2) If there's food on your "no" list that didn't show up on the test results - do they need to be eliminated also?

Thanks a lot!




Hi Daniela, I give very little credence to these food sensitivity tests. They’re notorious for both false positives and false negatives. The Elimination Diet is considered “the gold standard” for determining food sensitivites. Sorry, but I can’t give you good answers for either of your questions.

If you have alopecia, I wanted to make sure you saw this page:

Hi Jill,

First of all, I've read you and Lisa's Essential Thyroid Cookbook, and it was such an amazing resource. Thank you for putting that out there in the world! 

My question is about caffeine, specifically coffee. Other elimination diets (like the Whole 30) accept caffeine in moderation. What's your stance on coffee during the EP and then afterward? I wasn't able to find this information in the book or elsewhere. 

Thank you!

Hi Brienne, I think that moderate amounts of coffee are fine. Like many things, coffee has benefits if not abused. I recommend drinking it only in the morning, with fat, and never on an empty stomach.

Hi Jill. I have Hashimoto's and Alopecia and plan on trying the elimination diet. I have a few questions. 

1. Is honey allowed?

2. Is it okay to eat packaged bars with these ingredients: Organic Sprouted Watermelon Seeds, Organic Dates, Organic Cinnamon, Organic Vanilla Extract, Celtic Sea Salt, Organic Rosemary Extract. Or should ALL packaged foor be avoided?

3. How often can a new food be introduced once the 3 weeks are up?


Thank you so much!

Hi Marina,

1. Yes, in moderation, and as long as it doesn’t disrupt blood sugar.
2. I don’t see anything wrong with those bars. I don’t think that ALL packaged foods are bad. 
3. Like the post says, every 2-3 days, but I prefer people wait the full 3 days. If you have a more advanced reaction, you could wait 4, or until the symptoms subside.

Hi. I found this website early in my pregnancy and have been eager to start the diet and use your recommendations. I gave birth a few weeks ago and am now breastfeeding. Would you recommend the elimination/provocation diet white breastfeeding? Not only do I want to cure my thinking hair that ive been dealing with since 13 but also I have been feeling like I have Alzheimer's or something with my memory and focus issues and Im only 28! My main focus is my hair as it is devistating to me and I have been searching for answers for years. Doctors couldn't give me answers and all my tests were normal. im so happy I found this information, finally something that makes sense!

Hi Sky, this is definitely something I’d want you to speak with your doctor about. I’ve heard conflicting information about doing the E/P diet while breastfeeding.

Hi Jill,

Thank you so much for all this information!  I will be reintroducing food soon and I am trying to get a game plan together as to what I will eat each day.  The food I am having trouble figuring out, what and how much to eat, is soy.  I have never been one to eat soy very often, only the rare gluten free soy sauce and maybe a little edemane on a salad, and of course many packaged items will have some soy or are at the very least cross-contaminated.  My question is, on the days I reintroduce soy what do you suggest I eat and how much of it will be one serving?  Thank you for any advise you can offer.

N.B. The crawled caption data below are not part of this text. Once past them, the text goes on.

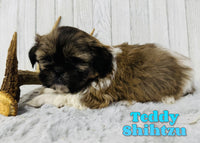 Teddy Male Shihtzu $650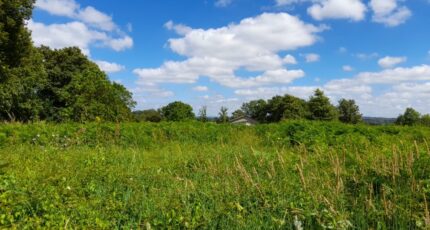Saint-Junien Maison neuve - 2136061-10865annonce220250418XlPiq.jpeg Maisons Millot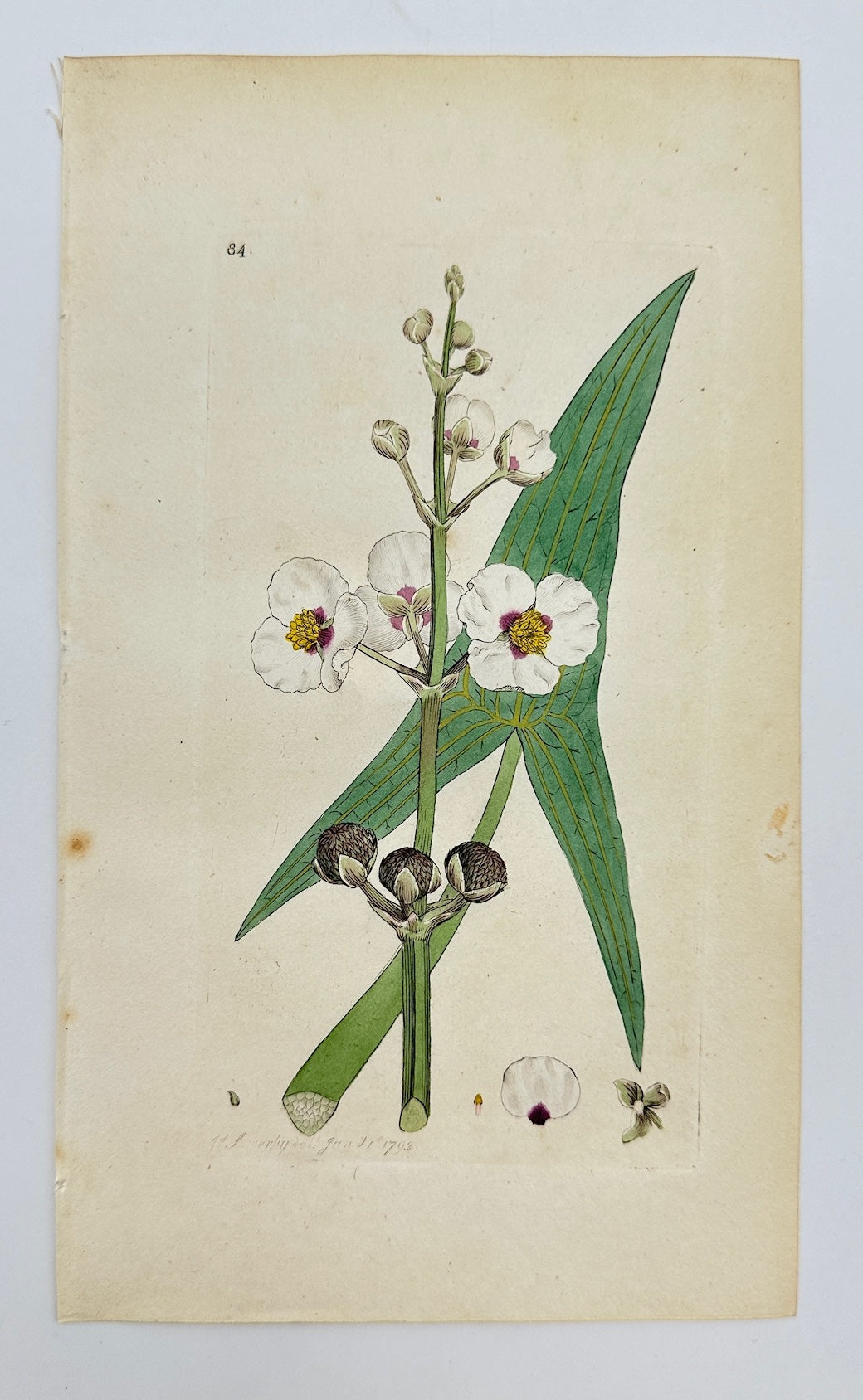 Antique Print - James Sowerby - Sagittaria Sagittifolia - Arrowhead - F1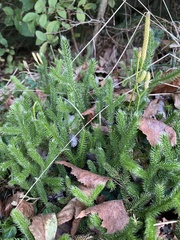 Lycopodium clavatum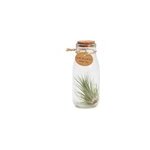 Tillandsia plante arienne dco dans son tube en verre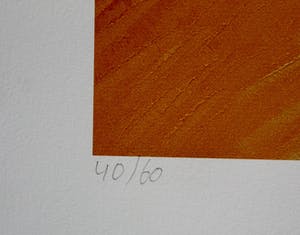 Dadara - zeefdruk: Unknown Territories kopen? Bied vanaf 150!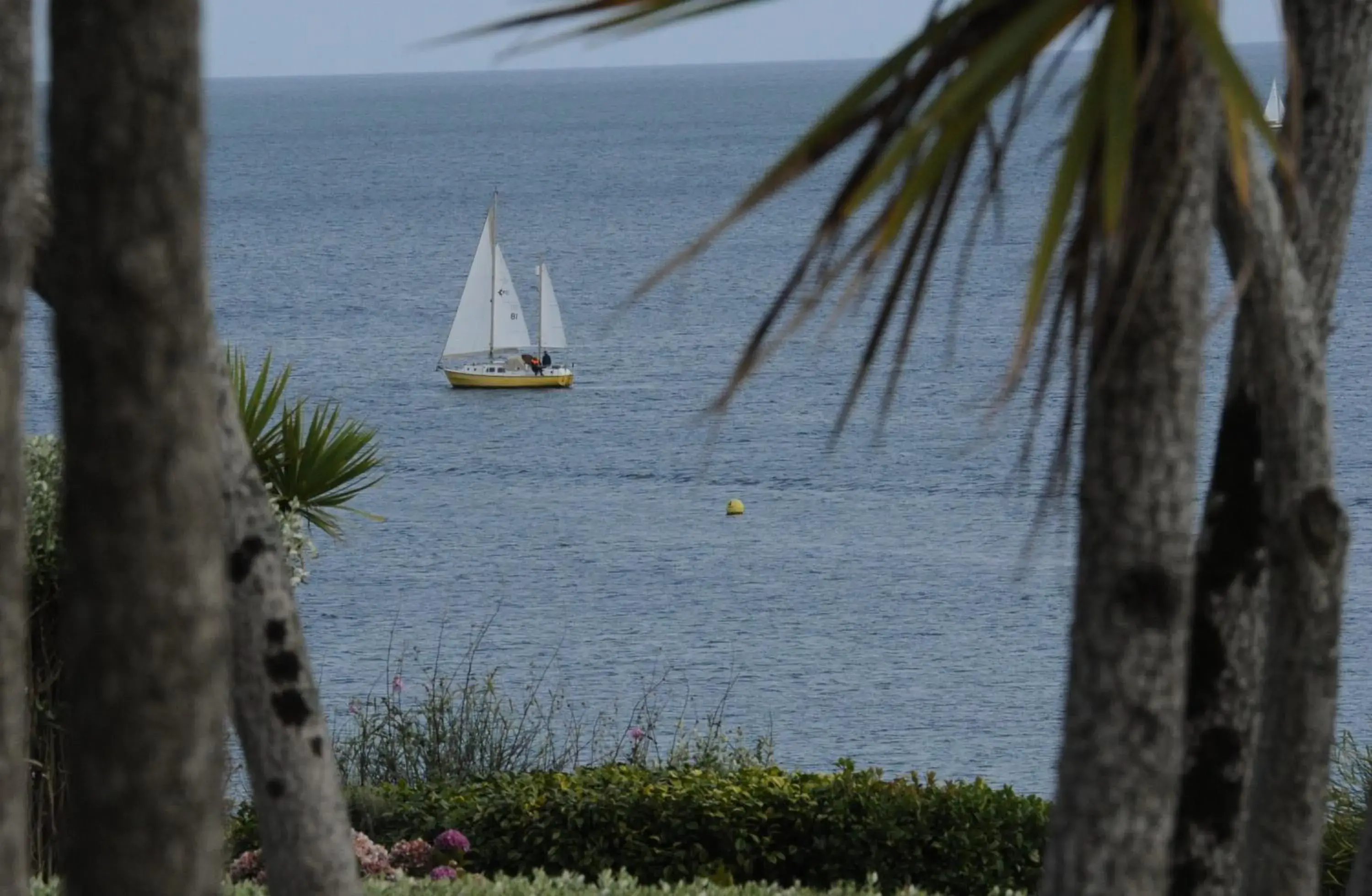 View (from property/room), Sea View in Anacapri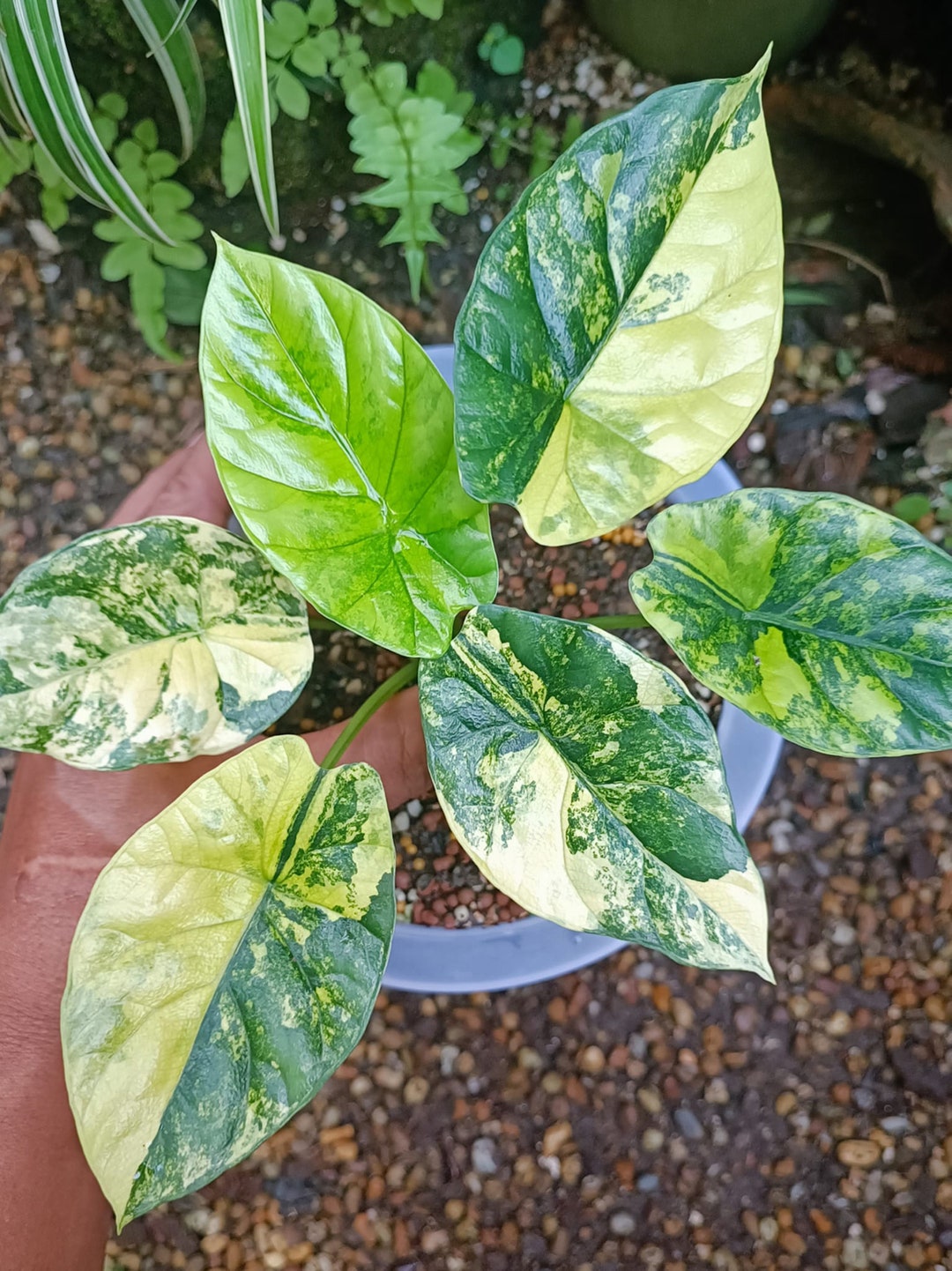 Buy Alocasia Sinuata Variegated Starter Plant Well Variegation 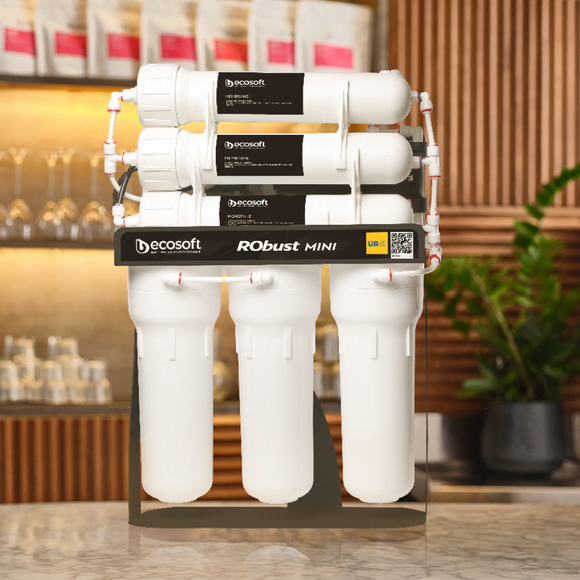 Фильтр обратного осмоса Ecosoft RObust Mini ROBUST1000STD, фото 4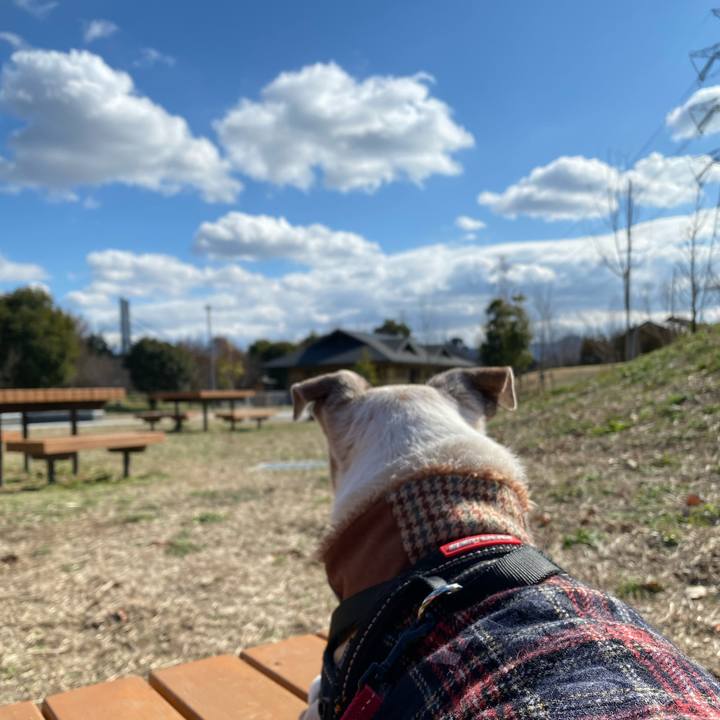 1ca77a42 aae9 4334 a674 677224824d8e 1611996491462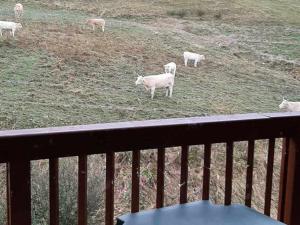 Superbe duplex 8 pers. à La Toussuire, sur pistes - FR-1-416-208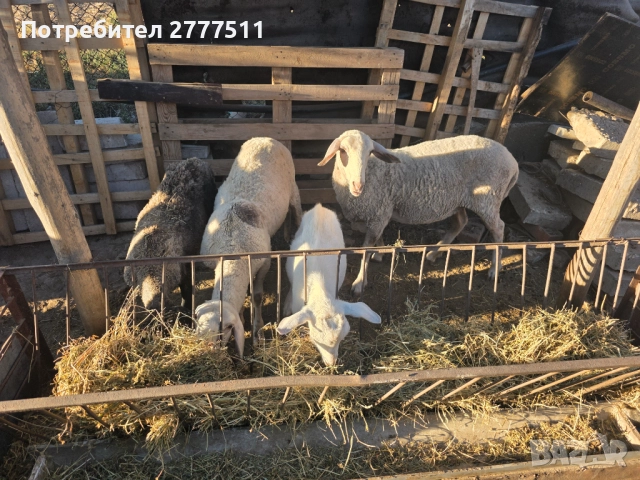 Продавам агнета женски, снимка 1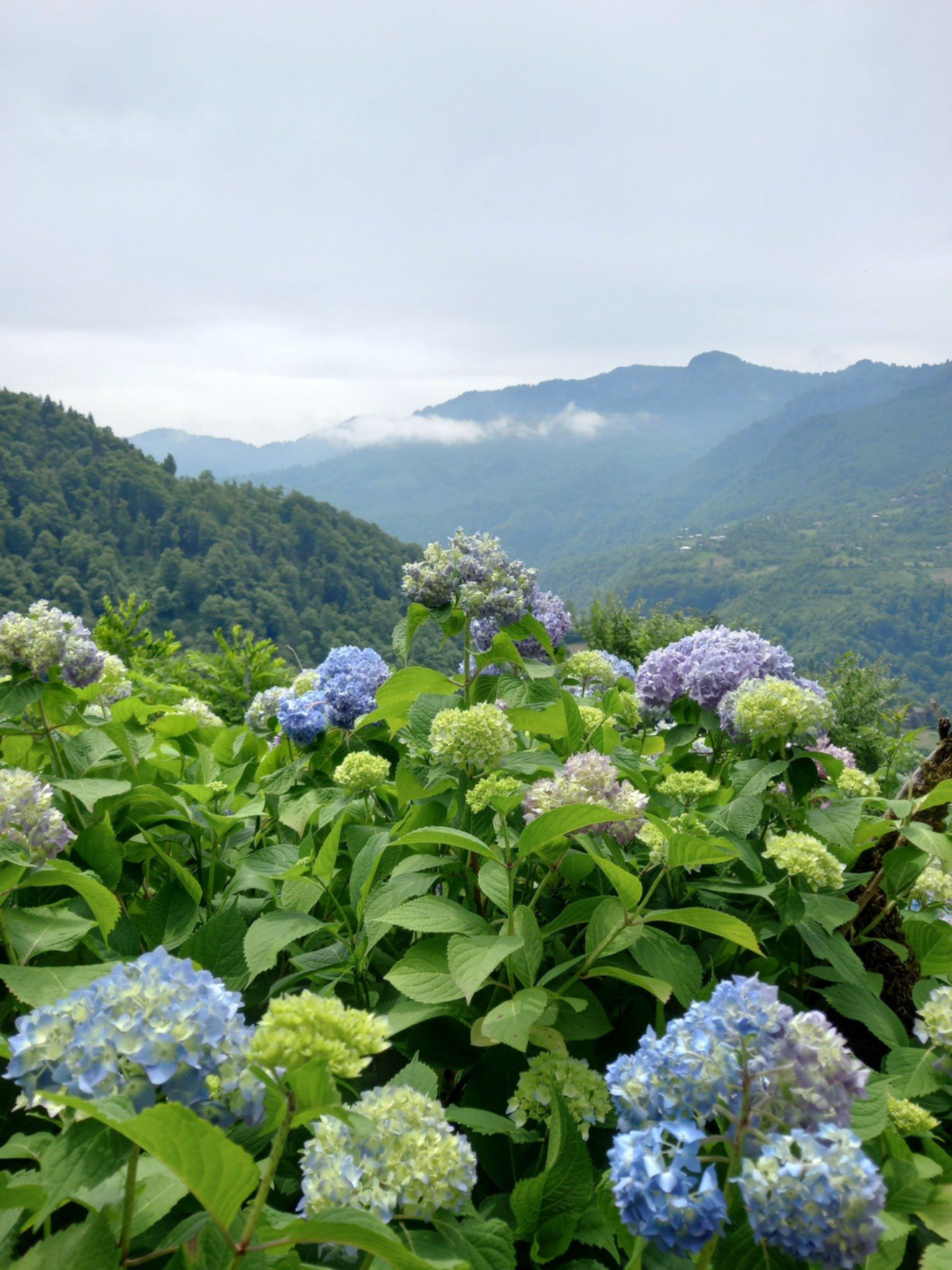 Górska przyroda regionu Maczachela – bujna roślinność i widok na zielone zbocza Kaukazu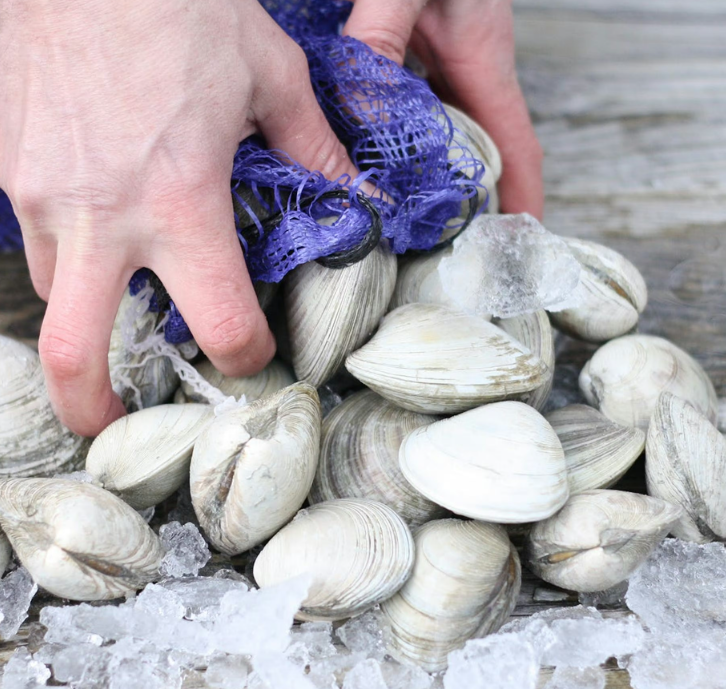 Seafood Pasta Kit (Shrimp, Mussels, Clams)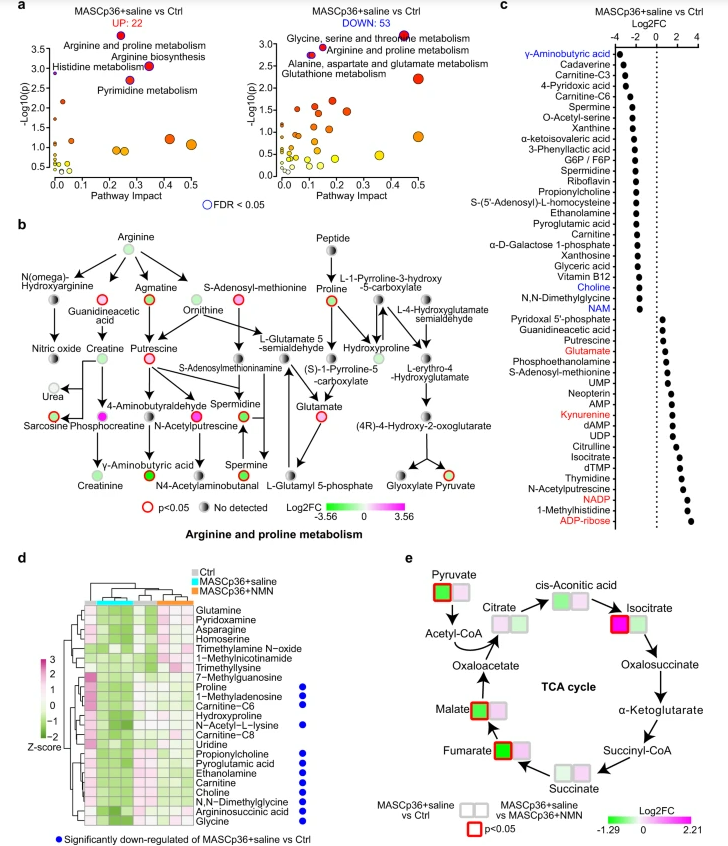 优米娱乐有限公司官网首页下载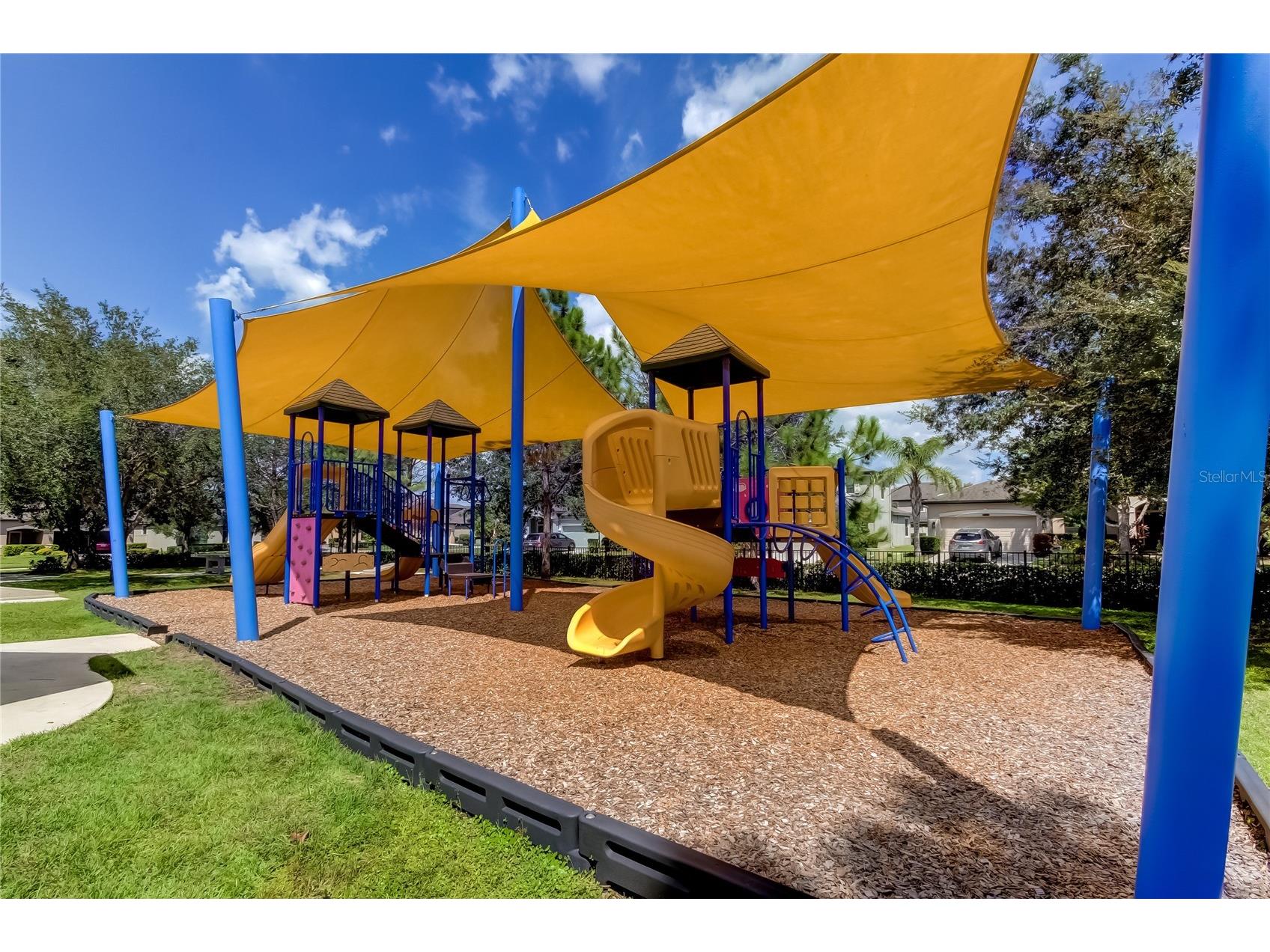 21851 Lyonia Lane Land O Lakes FL 34637 TB8521989 image49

I would suggest tempeh. You can make it the protein for all of your meals that day. Also include edamame. 

Hi, I am really confused because coconuts and almonds are in the nut category.   Please calrify as I am extremly confused and overwhelmed.  Ive already began a gluten free diet, dairy free diet.  


Hi Jennifer, yes, almonds are nuts. What is your question about almonds specifically? Also, coconuts are technically in the drupe family. Some consider them nuts, but I don’t in the context of this diet.

I just read some of the recepeits from your cook book and alot of the ingredietns include peppers and soy which I was told to stay away from.

Then please don’t choose those recipes. The cookbook isn’t tailored specifically to the Elimination Diet, although you’ll see that we wrote a lot of adaptations to make certain recipes in alignment with that diet. See the Recipes Guide at the beginning of the recipes section for a full explanation.

I see.  Thanks for your responses and for the information.